The vulnerable code compiles into any Linux kernel that includes net/sched support—virtually all general-purpose distributions, embedded appliances, and cloud VM images. For Windows-centric operators, the immediate problem surfaces in three common scenarios:

  • WSL2 environments: The Windows Subsystem for Linux 2 uses a real Linux kernel (often a Microsoft-provided one). That kernel is susceptible, so any WSL2 instance on a Windows machine could be used as an attack surface if an adversary gains local code execution inside the WSL2 guest.
  • Linux virtual machines: Whether on Hyper-V, VMware, or Azure, a Linux guest with this scheduler code is vulnerable. If a malicious actor compromises a low-privilege service inside the VM, they could exploit the bug to crash the guest or attempt further escalation.
  • Hybrid infrastructure: Many Windows shops run Linux-based network appliances, CI/CD runners, or container hosts. A single compromised container with tc access could destabilize the entire node.

The exposure is local or tenant-adjacent—an attacker needs a foothold on the system.
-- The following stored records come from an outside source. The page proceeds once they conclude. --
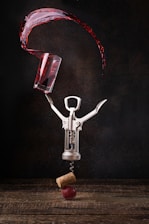 a wine glass being poured into a corkscrew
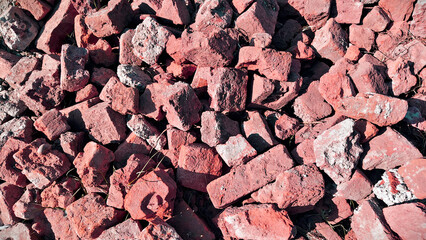 Broken red rock and gravel texture with natural rugged earth detail ideal for backgrounds, geology references and design elements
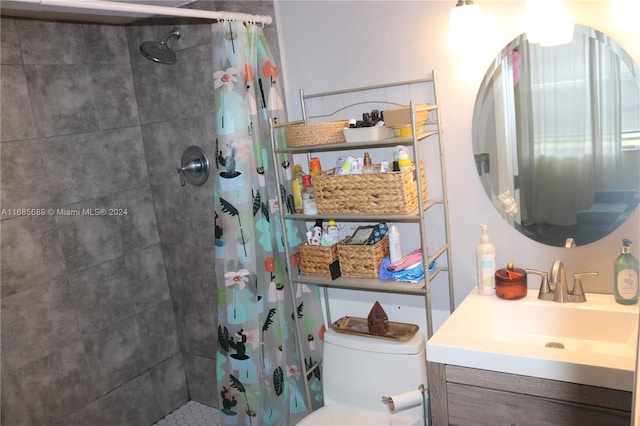 bathroom with toilet, vanity, and a shower with shower curtain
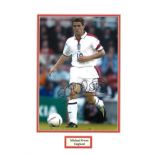 Football Michael Owen signed 16x12 mounted colour photo pictured in action for England. Good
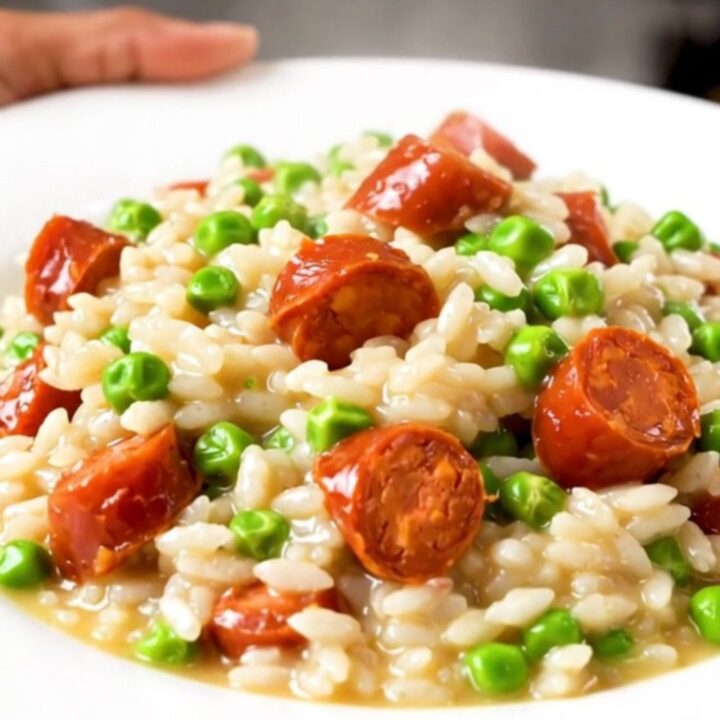 A close-up of creamy chorizo and pea risotto in a black slow cooker insert.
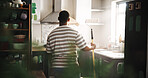 DIY, paint roller and thinking with black man in kitchen of new house for maintenance from back. Decision, painting and real estate with homeowner person in apartment for development or renovation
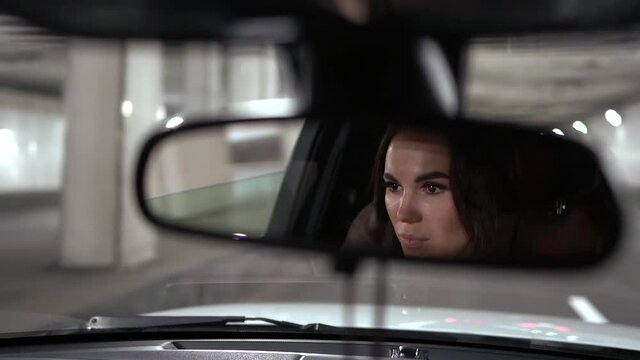 A young beautiful brunette girl, reflected in the windshield, is driving in a car, she is driving in a tunnel.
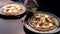 Young man making homemade vegetarian pizza at home adding tomato sauce to the base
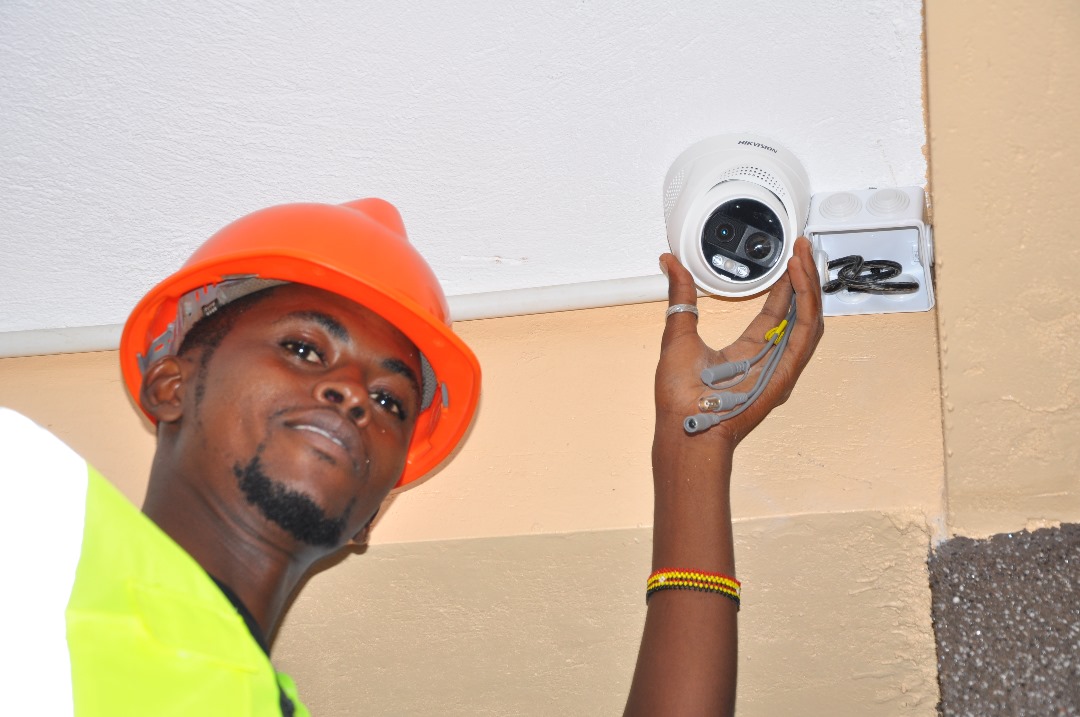 GEP TSS technician installing a Hikvision dome camera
But in multi-tenant clouds or shared build environments, that barrier is low. “Treat multi-tenant and network-facing hosts as high priority for remediation,” kernel maintainers urged.

Microsoft’s own CVE entry for the flaw, hosted on its Security Response Center, echoes the severity: “There is total loss of availability, resulting in the attacker being able to fully deny access to resources”—a testament to how a kernel panic can knock a system offline persistently.

The Fix: A Small, Backportable Change

Rather than rearchitect the entire backlog accounting across dozens of classful qdiscs, the upstream commit took a conservative, defensive route. It ensures that when a child qdisc becomes empty—even as a side effect of an enqueue—the kernel always notifies the parent by calling qlen_notify. Because a recent patch series had already made those notification handlers idempotent (safe to call multiple times), the risk of regressions is minimal.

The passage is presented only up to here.